(Data shown)

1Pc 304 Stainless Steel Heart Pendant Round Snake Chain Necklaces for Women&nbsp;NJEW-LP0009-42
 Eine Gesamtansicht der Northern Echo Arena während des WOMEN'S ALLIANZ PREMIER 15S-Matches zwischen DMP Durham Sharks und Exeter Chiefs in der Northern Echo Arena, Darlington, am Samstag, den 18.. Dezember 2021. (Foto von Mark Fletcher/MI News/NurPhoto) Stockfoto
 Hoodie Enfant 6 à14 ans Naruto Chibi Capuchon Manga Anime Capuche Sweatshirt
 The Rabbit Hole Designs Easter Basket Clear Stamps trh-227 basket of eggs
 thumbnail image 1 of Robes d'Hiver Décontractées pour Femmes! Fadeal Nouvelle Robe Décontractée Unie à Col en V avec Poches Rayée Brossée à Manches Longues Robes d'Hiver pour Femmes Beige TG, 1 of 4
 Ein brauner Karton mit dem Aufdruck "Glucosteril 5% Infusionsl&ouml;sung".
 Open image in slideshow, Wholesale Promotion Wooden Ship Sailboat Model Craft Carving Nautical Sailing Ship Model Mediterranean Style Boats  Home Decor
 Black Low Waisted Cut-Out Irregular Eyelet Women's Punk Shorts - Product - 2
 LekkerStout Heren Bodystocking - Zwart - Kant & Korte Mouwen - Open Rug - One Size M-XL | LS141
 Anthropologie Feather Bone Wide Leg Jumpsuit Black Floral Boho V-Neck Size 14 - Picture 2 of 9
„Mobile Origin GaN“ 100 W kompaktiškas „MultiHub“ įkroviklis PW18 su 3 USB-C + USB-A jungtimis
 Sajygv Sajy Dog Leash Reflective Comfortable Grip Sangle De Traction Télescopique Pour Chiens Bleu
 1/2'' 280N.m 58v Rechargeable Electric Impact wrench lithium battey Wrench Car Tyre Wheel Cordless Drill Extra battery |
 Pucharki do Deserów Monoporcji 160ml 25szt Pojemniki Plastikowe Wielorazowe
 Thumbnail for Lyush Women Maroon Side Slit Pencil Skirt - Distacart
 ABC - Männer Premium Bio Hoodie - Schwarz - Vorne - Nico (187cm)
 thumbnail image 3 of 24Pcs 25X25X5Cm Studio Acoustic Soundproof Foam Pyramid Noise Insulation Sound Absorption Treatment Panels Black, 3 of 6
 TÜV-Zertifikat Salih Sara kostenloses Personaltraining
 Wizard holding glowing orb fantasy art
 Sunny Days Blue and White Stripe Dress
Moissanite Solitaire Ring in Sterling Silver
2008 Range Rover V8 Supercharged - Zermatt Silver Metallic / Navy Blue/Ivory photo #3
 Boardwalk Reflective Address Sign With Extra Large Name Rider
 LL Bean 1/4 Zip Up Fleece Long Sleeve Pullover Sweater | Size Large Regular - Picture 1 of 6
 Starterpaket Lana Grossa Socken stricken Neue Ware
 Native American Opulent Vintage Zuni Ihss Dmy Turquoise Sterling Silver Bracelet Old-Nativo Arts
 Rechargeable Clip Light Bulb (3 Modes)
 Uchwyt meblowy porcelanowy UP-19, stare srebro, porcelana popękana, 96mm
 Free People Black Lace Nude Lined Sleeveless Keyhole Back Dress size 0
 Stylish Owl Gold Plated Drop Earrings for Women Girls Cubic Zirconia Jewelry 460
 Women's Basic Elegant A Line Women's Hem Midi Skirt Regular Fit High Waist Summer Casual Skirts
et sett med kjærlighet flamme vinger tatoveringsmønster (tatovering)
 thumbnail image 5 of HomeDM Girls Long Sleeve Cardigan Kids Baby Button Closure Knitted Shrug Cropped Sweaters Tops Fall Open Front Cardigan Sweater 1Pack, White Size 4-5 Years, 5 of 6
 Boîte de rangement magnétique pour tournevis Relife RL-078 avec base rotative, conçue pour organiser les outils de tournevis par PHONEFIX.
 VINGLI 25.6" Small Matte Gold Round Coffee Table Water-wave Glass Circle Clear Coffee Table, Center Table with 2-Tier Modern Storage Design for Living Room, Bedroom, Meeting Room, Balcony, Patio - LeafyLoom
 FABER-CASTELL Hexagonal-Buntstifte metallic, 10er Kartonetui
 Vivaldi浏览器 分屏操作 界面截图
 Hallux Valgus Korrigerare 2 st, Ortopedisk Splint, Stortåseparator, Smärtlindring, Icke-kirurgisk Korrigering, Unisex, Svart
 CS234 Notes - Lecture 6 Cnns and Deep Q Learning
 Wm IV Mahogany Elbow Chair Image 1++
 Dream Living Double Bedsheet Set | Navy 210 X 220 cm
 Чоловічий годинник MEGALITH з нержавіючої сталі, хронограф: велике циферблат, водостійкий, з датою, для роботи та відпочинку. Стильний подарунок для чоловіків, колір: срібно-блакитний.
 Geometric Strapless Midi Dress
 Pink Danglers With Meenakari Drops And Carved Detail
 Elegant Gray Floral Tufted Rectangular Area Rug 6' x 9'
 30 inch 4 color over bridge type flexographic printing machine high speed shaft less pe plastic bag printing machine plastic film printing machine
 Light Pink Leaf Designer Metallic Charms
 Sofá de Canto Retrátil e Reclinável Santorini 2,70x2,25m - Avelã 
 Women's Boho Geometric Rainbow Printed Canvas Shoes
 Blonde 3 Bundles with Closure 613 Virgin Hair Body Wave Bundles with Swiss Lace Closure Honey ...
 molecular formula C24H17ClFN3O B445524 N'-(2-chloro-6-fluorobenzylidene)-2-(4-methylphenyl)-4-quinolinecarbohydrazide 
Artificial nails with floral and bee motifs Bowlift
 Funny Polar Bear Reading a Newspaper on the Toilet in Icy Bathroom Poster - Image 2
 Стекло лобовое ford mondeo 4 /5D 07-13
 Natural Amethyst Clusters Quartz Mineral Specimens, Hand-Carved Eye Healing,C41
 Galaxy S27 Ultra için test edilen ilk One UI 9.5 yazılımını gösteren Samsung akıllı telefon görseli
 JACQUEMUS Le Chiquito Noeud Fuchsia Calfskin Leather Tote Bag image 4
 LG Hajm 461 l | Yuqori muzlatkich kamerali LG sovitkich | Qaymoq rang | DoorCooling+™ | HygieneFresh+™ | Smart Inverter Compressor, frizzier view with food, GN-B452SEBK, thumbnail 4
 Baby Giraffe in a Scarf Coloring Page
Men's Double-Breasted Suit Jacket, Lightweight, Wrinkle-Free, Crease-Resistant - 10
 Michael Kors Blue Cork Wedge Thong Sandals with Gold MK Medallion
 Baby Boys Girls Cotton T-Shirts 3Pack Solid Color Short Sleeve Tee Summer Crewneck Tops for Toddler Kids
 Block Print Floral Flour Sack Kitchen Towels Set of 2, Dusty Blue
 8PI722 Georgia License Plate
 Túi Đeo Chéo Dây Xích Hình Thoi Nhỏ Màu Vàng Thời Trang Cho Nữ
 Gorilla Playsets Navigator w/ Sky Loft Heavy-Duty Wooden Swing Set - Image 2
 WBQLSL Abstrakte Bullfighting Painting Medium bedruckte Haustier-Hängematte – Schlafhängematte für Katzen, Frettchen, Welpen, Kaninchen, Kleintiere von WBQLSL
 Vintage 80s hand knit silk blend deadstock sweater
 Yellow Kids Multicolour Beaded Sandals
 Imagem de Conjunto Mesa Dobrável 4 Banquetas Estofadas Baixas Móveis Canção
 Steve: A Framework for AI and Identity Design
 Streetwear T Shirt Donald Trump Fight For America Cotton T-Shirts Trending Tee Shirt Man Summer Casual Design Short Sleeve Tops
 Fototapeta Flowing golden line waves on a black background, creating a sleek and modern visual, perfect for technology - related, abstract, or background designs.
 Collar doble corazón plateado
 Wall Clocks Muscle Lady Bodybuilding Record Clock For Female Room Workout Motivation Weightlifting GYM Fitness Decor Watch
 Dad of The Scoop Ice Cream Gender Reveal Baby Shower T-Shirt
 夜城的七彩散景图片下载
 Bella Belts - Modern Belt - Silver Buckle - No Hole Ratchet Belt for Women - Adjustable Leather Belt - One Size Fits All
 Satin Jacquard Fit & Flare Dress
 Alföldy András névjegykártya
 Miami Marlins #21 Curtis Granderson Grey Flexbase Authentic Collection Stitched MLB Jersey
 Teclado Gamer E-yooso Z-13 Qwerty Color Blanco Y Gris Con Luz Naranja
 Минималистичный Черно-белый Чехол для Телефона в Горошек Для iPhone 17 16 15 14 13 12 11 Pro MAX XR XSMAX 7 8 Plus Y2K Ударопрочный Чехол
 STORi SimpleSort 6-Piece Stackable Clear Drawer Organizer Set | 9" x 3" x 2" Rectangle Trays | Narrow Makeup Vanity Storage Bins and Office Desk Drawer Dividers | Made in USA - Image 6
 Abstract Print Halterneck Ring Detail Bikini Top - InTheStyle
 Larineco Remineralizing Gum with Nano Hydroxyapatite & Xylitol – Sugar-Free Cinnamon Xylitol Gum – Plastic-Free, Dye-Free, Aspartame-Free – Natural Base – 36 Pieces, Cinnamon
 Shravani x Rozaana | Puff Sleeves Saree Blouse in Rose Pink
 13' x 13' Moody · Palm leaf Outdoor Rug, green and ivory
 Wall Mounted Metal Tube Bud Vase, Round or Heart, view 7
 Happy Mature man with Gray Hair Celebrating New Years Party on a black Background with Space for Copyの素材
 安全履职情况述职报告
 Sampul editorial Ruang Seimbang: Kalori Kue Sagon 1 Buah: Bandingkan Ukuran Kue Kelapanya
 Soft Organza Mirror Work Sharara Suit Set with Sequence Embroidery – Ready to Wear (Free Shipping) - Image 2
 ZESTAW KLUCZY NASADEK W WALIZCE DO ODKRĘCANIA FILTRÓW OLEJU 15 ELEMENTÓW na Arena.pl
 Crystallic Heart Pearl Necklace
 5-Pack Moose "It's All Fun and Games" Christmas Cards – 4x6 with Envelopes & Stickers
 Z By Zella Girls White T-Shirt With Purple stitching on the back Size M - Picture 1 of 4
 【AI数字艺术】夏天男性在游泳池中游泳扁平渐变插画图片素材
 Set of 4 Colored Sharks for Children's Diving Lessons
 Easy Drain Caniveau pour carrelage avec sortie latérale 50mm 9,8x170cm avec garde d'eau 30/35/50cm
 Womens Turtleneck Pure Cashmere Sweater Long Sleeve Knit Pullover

(End Data shown)

▶ Work to complete
In the listing above, find the line with "13' x 13' Moody" and the line with "ZESTAW KLUCZY NASADEK", then reproduce both and every line between them exactly.

▶ Answer area
 13' x 13' Moody · Palm leaf Outdoor Rug, green and ivory
 Wall Mounted Metal Tube Bud Vase, Round or Heart, view 7
 Happy Mature man with Gray Hair Celebrating New Years Party on a black Background with Space for Copyの素材
 安全履职情况述职报告
 Sampul editorial Ruang Seimbang: Kalori Kue Sagon 1 Buah: Bandingkan Ukuran Kue Kelapanya
 Soft Organza Mirror Work Sharara Suit Set with Sequence Embroidery – Ready to Wear (Free Shipping) - Image 2
 ZESTAW KLUCZY NASADEK W WALIZCE DO ODKRĘCANIA FILTRÓW OLEJU 15 ELEMENTÓW na Arena.pl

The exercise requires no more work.